» Stored data
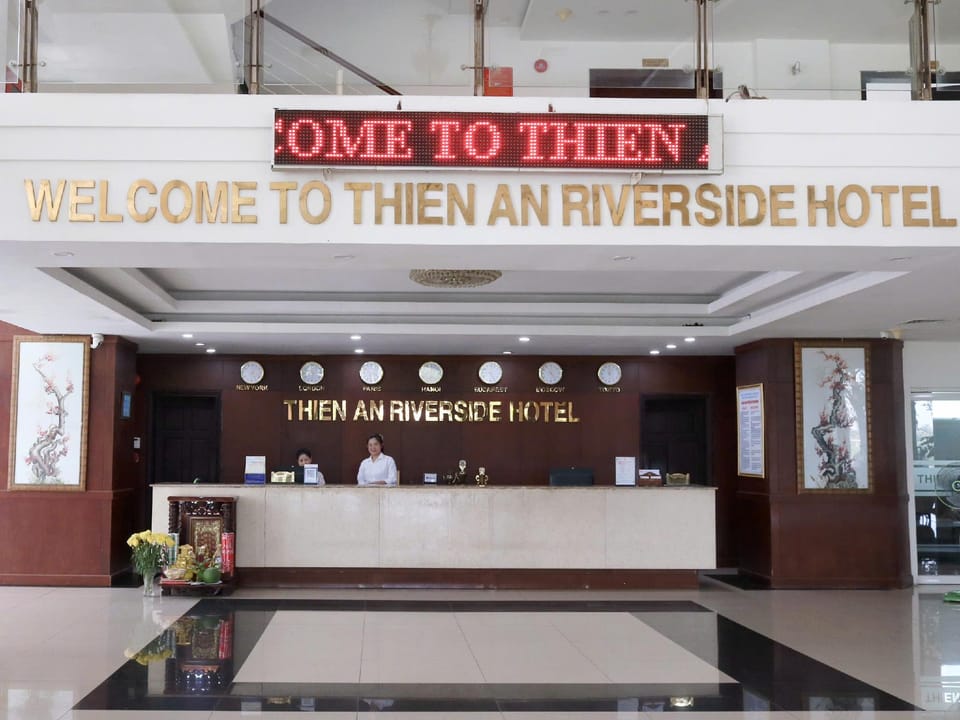 Thien An Riverside Hotel Hotel in Vietnam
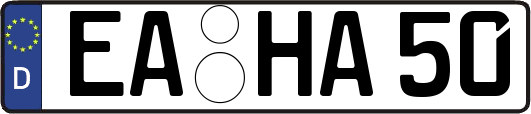 EA-HA50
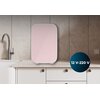 Lodówka CECOTEC Bolero MiniCooling Bahamas 00143 Różowy Kolor Różowy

» Your task
Could you give the material again exactly as it stands, omitting any image?

» Exercise response
 Thien An Riverside Hotel Hotel in Vietnam
 EA-HA50
 Lodówka CECOTEC Bolero MiniCooling Bahamas 00143 Różowy Kolor Różowy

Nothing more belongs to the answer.